What is DC, anyway? If we have a square pulse of 1V for 1ns, is that DC? What if it's for 1ms? 1s? 1 day? 1 year?
"It's only ever positive -- it doesn't alternate", I hear you thinking. OK, what if we have a square wave that alternates between +1V and -1V every 1 ms. Clearly this is AC, right? What if the edge transitions occur only every 100 years? Is it DC now? What if the device has only been on for 99 years and you don't know that it's going to change yet?
Point being, the notion of "DC" is arbitrary, and usually chosen to be something convenient for a particular circuit or situation. When voltage or current changes so slowly or so insignificantly that we can consider it as not changing it at all, it's DC.
For example, if we are discussing microwave circuits, then the 60 or 50Hz AC on your wall might as well be DC. The rate of change in that waveform is so slow compared to the reactive components in a microwave circuit that it might as well not be changing at all.

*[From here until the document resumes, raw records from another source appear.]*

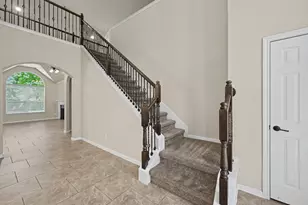158 Rocky Point Dr, Spring, TX 77389 - Photo 7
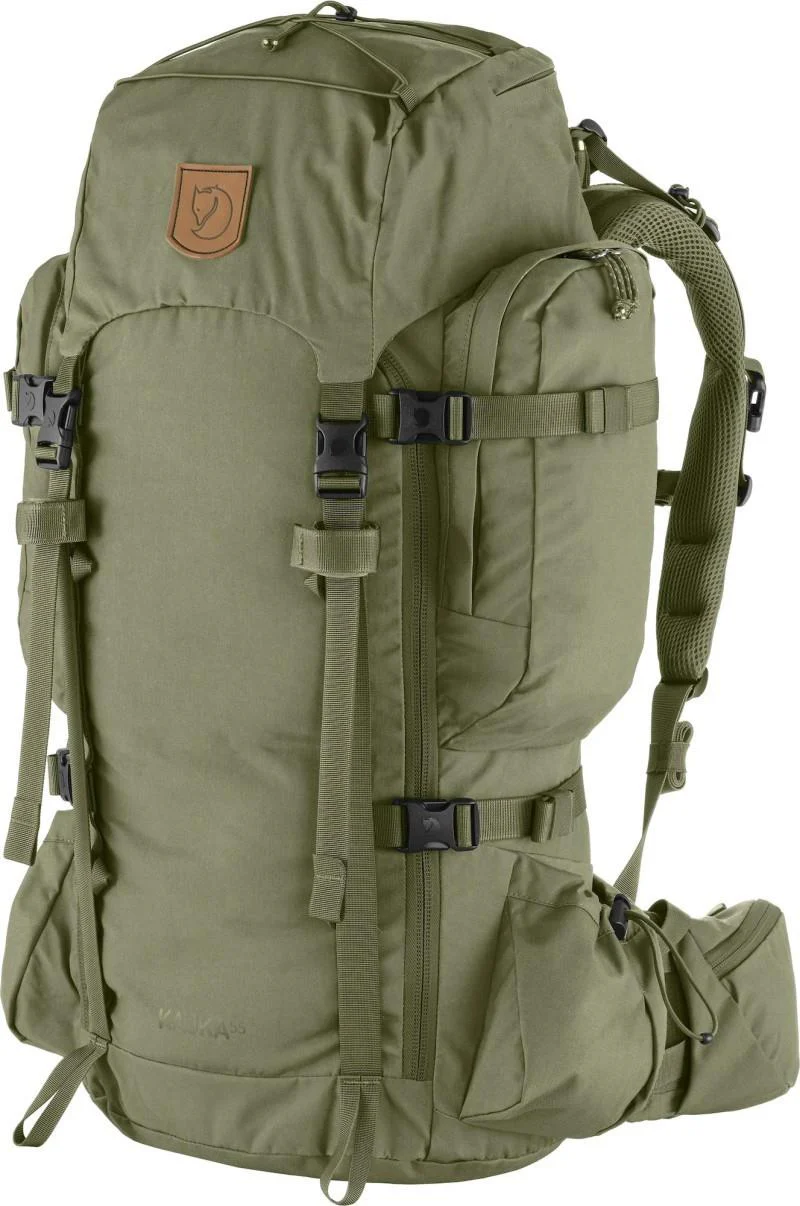 Kajka 55 - Image 11
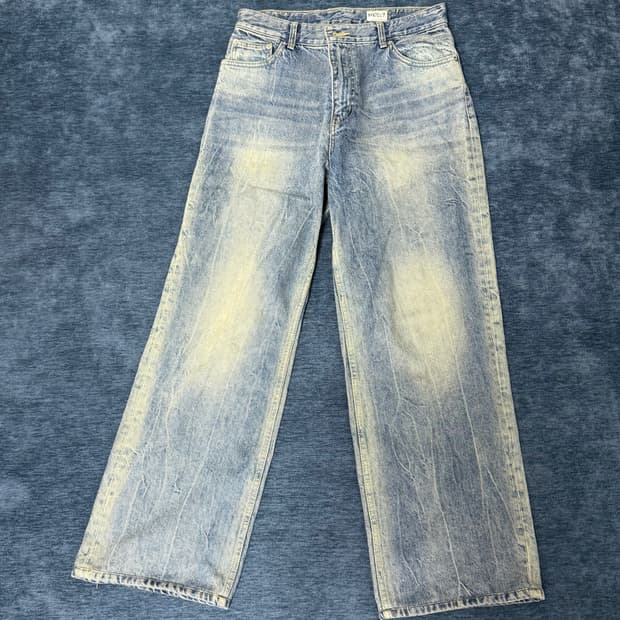 모드나인 턴미온 28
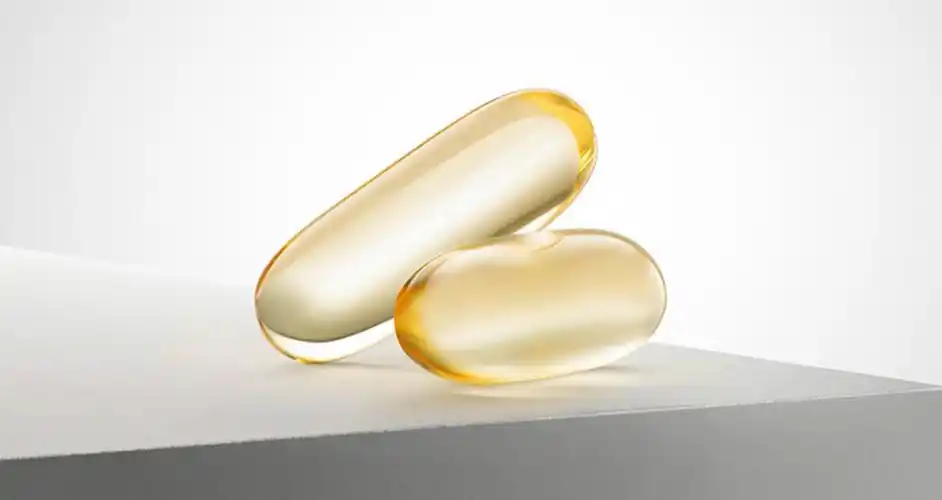 90%高度欧米伽3 深海鱼油软胶囊omega3保健品【图片 价格 品牌 报价】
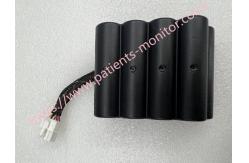 China PHiliph  Rechargeable  Li-ion  Lithium Battery  Pack 1127881 14.4V 80WH supplier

In other contexts we might define DC in terms of Fourier analysis. In this case, "DC" is the average value. However, the average value depends on the span of time we choose to consider in the analysis. For example, in the case of our +/- 1V alternating every 100 years, the average is 0V, but if we look at just one particular day, the average is likely to be 1V or -1V.
In the case of a power supply such as you have drawn, an engineer is likely to call that "DC". An engineer understands that a real power supply will necessarily have some ripple, so you don't have to say "this is a DC with some ripple" unless the ripple is unacceptable for your application. If the engineer wants to quantify the ripple (usually to keep it under some specified maximum), then it will be treated as an AC component, and the DC component will be calculated as an average taken oven a span of time sufficiently long to average out all the variations.